Data for review Block Start

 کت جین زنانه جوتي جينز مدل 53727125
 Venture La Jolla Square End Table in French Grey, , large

Data for review Block End
Data for review Block Start

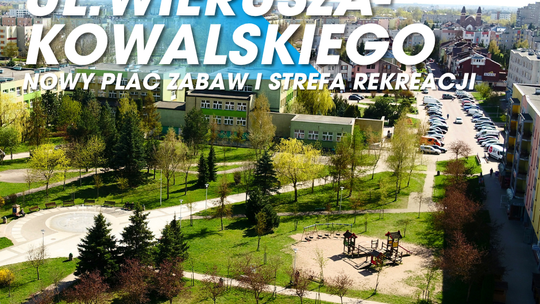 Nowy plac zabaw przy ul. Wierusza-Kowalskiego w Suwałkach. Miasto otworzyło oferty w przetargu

Data for review Block End
Data for review Block Start

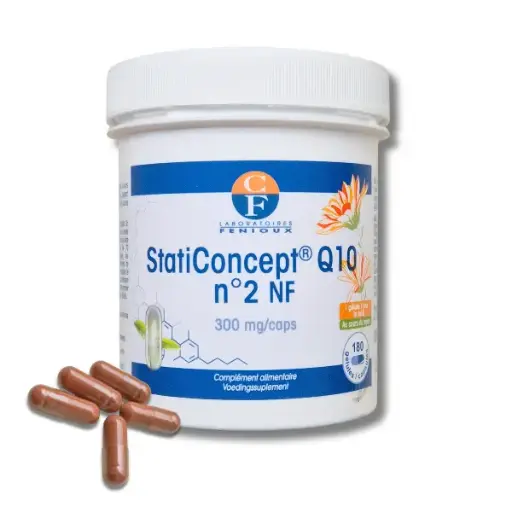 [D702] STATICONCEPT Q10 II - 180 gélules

Data for review Block End

= Exercise description =
From the material above, set down exactly the lines between the line holding "کت جین زنانه جوتي جينز مدل 53727125" and the line holding "Venture La Jolla", inclusive. Include nothing else.

= Task answer =
 کت جین زنانه جوتي جينز مدل 53727125
 Venture La Jolla Square End Table in French Grey, , large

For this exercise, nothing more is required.